John "Needles" Bentley (March 8, 1895 – October 24, 1969) was a professional baseball player.  He was a left-handed pitcher over parts of nine seasons (1913–1916, 1923–1927) with the Washington Senators, New York Giants and Philadelphia Phillies.  For his career, he compiled a 46–33 record in 138 appearances, with a 4.01 ERA (earned run average) and 259 strikeouts.  Bentley was a member of the Giants' pennant-winning teams in 1923 and 1924.  He was 1–3 with a 4.94 ERA and 11 strikeouts in World Series play.

He was a good hitting pitcher in his major league career. In nine seasons, he compiled a .291 average (170-584) with 7 home runs and 71 RBI. In 1923 Bentley batted .427 (38-89) for the New York Giants. In the 1923 and 1924 World Series, he hit .417 (5-12) with one home run and 2 RBI. He would be the last pitcher to pinch-hit in the World Series until Zach Greinke, who pinch-hit in the 2021 World Series.

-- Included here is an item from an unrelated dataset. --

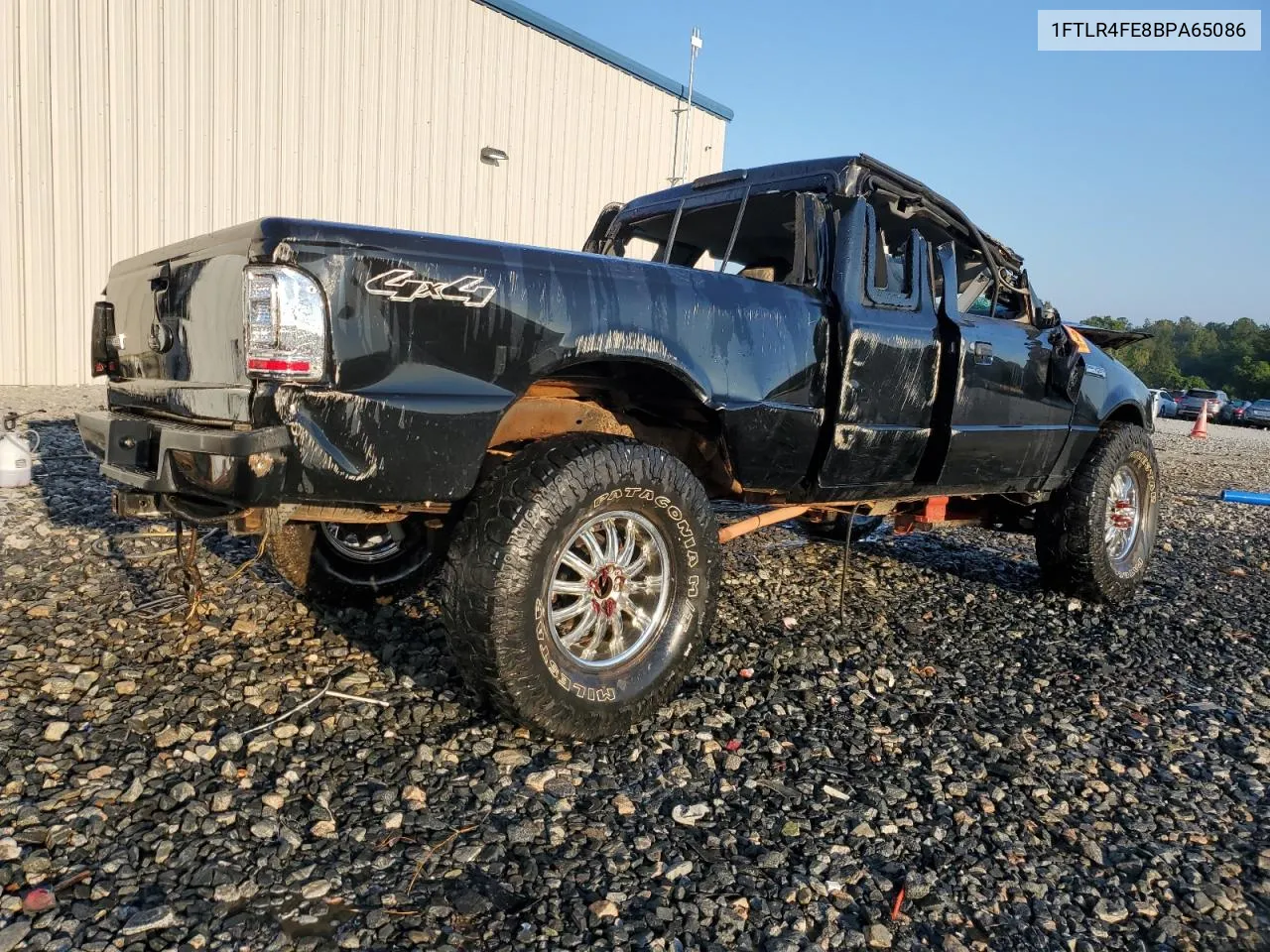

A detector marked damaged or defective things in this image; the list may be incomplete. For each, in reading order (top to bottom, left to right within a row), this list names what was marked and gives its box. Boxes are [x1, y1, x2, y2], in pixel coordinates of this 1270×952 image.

wrecked black pickup truck [79, 155, 1163, 736]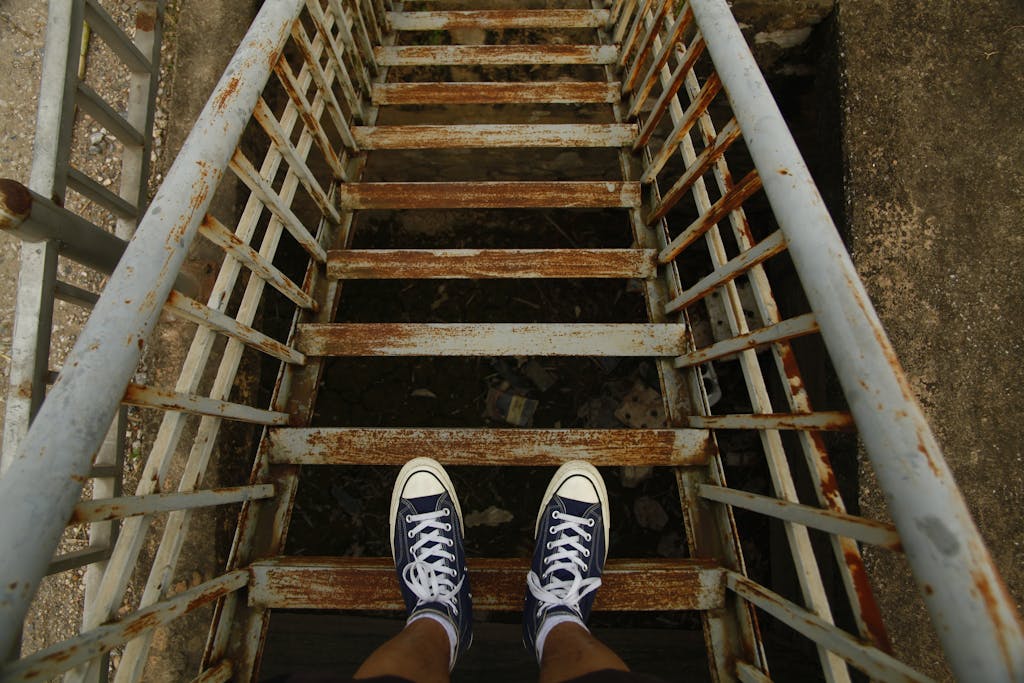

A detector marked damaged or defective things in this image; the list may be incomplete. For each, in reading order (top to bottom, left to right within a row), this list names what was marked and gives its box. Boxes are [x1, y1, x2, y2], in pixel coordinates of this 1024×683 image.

He also played 59 games at first base and 3 games in right field in the majors.

In 1922, Bentley pitched for the minor league Baltimore Orioles in the International League,  going 13–2 with a 1.73 ERA before he was called up again to the Big Leagues by the New York Giants.

He was born in Sandy Spring, Maryland, and later died in Olney, Maryland, at the age of 74.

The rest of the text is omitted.